Advertisement from September 1911 Engineering Magazine

Information Sources

  • The Massachusetts corporate registry database lists American Tool & Machine Co.'s first registration as 1864-10-04.
  • American Lathe Builders: 1810-1910 by Kenneth L. Cope, 2001, page 2
  • American Milling Machine Builders: 1820-1920 by Kenneth L. Cope, 2007 page 9
  • 2013 Standard Catalog of Firearms, by Jerry Lee, 2013, provided the date when Geo. H. Fox & Co. became American Tool & Machine Co.
  • From Leading Manufacturers and Merchants of the City of Boston, 1885:
    The American Tool and Machinery Company, Manufacturers of Turret, Screw Chasing Hand Lathes, Chucks, and Slide Rests of all sizes, Brass Finishing Tools, Valve Milling Machines, Shafting, Hangers, and Pulleys, No. 84 Kingston Street. Benjamin F. Bradford, Superintendent.—This company was formed in 1864, with a capital stock of $100,000, the officers being George H. Fox, President, A. B. Cobb, Treasurer, and Benjamin F. Radford, Superintendent, and succeeded the firm of George H. Fox & Co., who followed F. W. Bacon & Co., who in turn succeeded Bacon & Hubbard, who founded the business in about 1850. The officers at the present time are David M. Weston, President, and Benjamin F. Radford, Treasurer and Superintendent. Mr. Weston is a native of Antrim, N. H., where he was born in 1818. He possessed to an eminent degree an inventive genius, and to him is the entire sugar interest of the world indebted for the present perfect machinery for refining, his "patent centrifugals" for purifying sugar being in use in almost every large sugar refinery, especially throughout the United States, the West India, and the Sandwich Islands. In 1850 Mr. Weston went to the Sandwich Islands and established a machine shop, remaining ten years. This sugar machine is the only one for the purpose made in this country, and is the latest, and conceded to be the best, in the world. Weston's "hydro-extractor," for drying cotton, wool, and all kinds of fabrics, for laundry, hotel or factory use, is another valuable invention of this gentleman and manufactured by this company. Another special machine built by them, and which has found its way to many of the principal leather currying establishments of the United States, the British Provinces in America, Germany, England, Scotland, France, Russia, and Australia, is the celebrated "Belt Knife" leather-splitting machine. These machines first attracted the attention of foreign leather factories about five years ago, but this company have been exporting sugar machines for twenty years. In addition to these special machines they make brass finishing lathes and tools, chucks, and slide rests of all sizes, valve milling machines, shafting, hangers and pulleys, and do repairing of all kinds.

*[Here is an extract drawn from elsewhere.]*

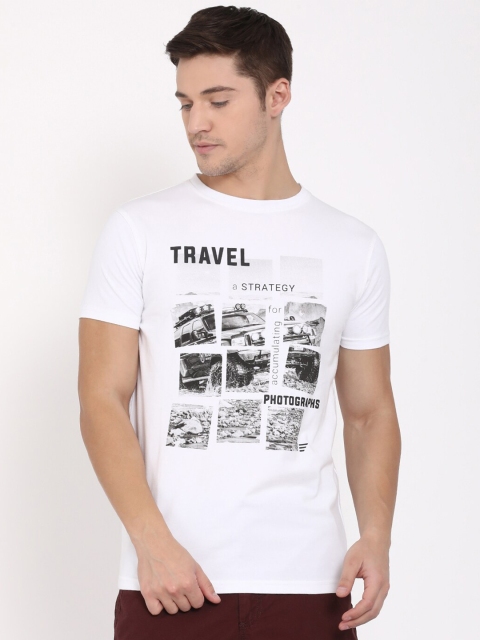 

t-base Men White Printed T-shirt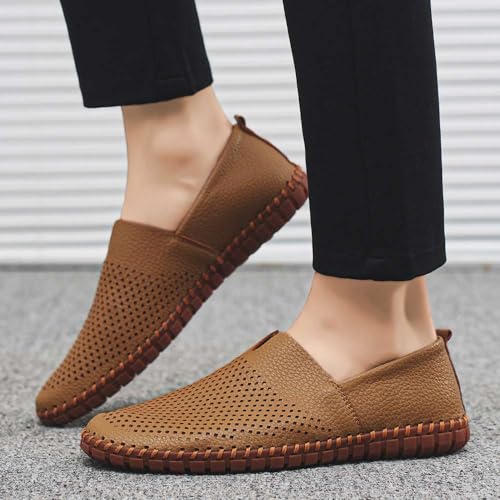 mitvr Men's Genuine Leather Loafer Shoes Slip On Soft Walking Shoes Perforated Driving Shoes,Holing Tan,47EU=12 M US - Image 5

    Their principal factory is at Hyde Park, a suburb of Boston, eight miles south on the Boston and Providence and New York and New England Railroads, their works being located near and having switch connection with the former road. Here they have four brick buildings, the main machine shop being sixty-two by one hundred and forty-two feet on the ground, and three stories high, a blacksmith shop forty-two by forty-nine feet, a small machine shop fifty-two by eighty-two feet, and a large foundry, in the shape of a cross, the inside square of which is forty-eight by one hundred and twenty-three feet, with two wings, each forty-two feet square. At these works power is furnished by a seventy-horse power engine and a battery of two boilers. At their Kingston-street place, besides the general offices of the company, they have a large machine shop, the entire building, one hundred and twenty-five by sixty feet and four stories high, being occupied by them, and filled with machinery, which is driven by a fifty-horse power engine. This shop is chiefly devoted to repairing and experimenting, and also contains the patter rooms, drafting room, carpenter shop, and on the ground floor the office. This very successful house owes its success perhaps more than to any other individual to Mr. Benjamin F. Radford, who has been its superintendent since its formation. He is an inventor of fine abilities, a master mechanic of the most thorough type, and a conservative yet wise manager.